AWS Thinkbox Discussion Forums

AWS Asset Server / Portal Link issue

Hello,
I’m setting up AWS Portal Link along with AWS Asset Server. I’ve managed to succesfully install those, launch an infrastructure and a fleet. Workers are appearing and pick up jobs. But on the machines (linux or windows) there’s no way to access assets.
No errors are shown in the logs files in C:\ProgramData\Thinkbox.
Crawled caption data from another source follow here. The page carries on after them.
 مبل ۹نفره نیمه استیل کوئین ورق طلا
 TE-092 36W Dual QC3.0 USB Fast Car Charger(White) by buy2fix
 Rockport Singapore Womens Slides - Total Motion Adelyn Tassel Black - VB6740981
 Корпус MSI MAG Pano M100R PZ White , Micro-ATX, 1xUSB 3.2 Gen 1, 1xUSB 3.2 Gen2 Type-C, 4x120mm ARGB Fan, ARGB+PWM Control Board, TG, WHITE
Paths seemingly are mapped correctly, but the job (draft) fails quickly :
Initialize: Error: Failed to create output directory "/mnt/Data/DProjects72bd5ce404ac6e221a73c20e63d3efec/test/awsportal". The path may be invalid or permissions may not be sufficient.

The only errors I can see are in CloudWatch Logs :

In /thinkbox/S3BackedCache/worker and in /thinkbox/S3BackedCache/central

1715787576.437389 2024-05-15 15:39:36,437 [/opt/Thinkbox/S3BackedCache/Client/lib/python3.10/site-packages/slavelib/utilities.py:wrapper:79] [root] [3409] [Dummy-4] [ERROR] CacheManagerException: 'getattr'
Traceback (most recent call last):
  File "/opt/Thinkbox/S3BackedCache/Client/lib/python3.10/site-packages/slavelib/cache_mgmt.py", line 420, in _get_file_attributes
    response = self.central.GetFileAttributes(request)
  File "/opt/Thinkbox/S3BackedCache/Client/lib/python3.10/site-packages/grpc/_channel.py", line 492, in __call__
    return _end_unary_response_blocking(state, call, False, deadline)
  File "/opt/Thinkbox/S3BackedCache/Client/lib/python3.10/site-packages/grpc/_channel.py", line 440, in _end_unary_response_blocking
    raise _Rendezvous(state, None, None, deadline)
grpc._channel._Rendezvous: <_Rendezvous of RPC that terminated with (StatusCode.UNKNOWN, Exception in central controller: <_Rendezvous of RPC that terminated with (StatusCode.UNAVAILABLE, Connect Failed)>)>
During handling of the above exception, another exception occurred:
Traceback (most recent call last):
  File "/opt/Thinkbox/S3BackedCache/Client/lib/python3.10/site-packages/slavelib/utilities.py", line 71, in wrapper
    ret = func(*args, **kwargs)
  File "/opt/Thinkbox/S3BackedCache/Client/lib/python3.10/site-packages/slavelib/utilities.py", line 18, in wrapper
    ret = func(*args, **kwargs)
  File "/opt/Thinkbox/S3BackedCache/Client/lib/python3.10/site-packages/slavelib/utilities.py", line 54, in wrapper
    ret = func(*args, **kwargs)
  File "/opt/Thinkbox/S3BackedCache/Client/lib/python3.10/site-packages/slavelib/fuse_operations.py", line 212, in getattr
    ret = self.cache_manager.lstat(path_rel)
  File "/opt/Thinkbox/S3BackedCache/Client/lib/python3.10/site-packages/slavelib/cache_mgmt.py", line 30, in wrapper
    ret = func(*args, **kwargs)
  File "/opt/Thinkbox/S3BackedCache/Client/lib/python3.10/site-packages/slavelib/cache_mgmt.py", line 1638, in lstat
    response = self._get_file_attributes(file_entry)
  File "/opt/Thinkbox/S3BackedCache/Client/lib/python3.10/site-packages/slavelib/cache_mgmt.py", line 451, in _get_file_attributes
    raise CacheManagerException(str(e.code()))
slavelib.cache_mgmt.CacheManagerException: StatusCode.UNKNOWN

In /thinkbox/S3BackedCache/worker (repeated)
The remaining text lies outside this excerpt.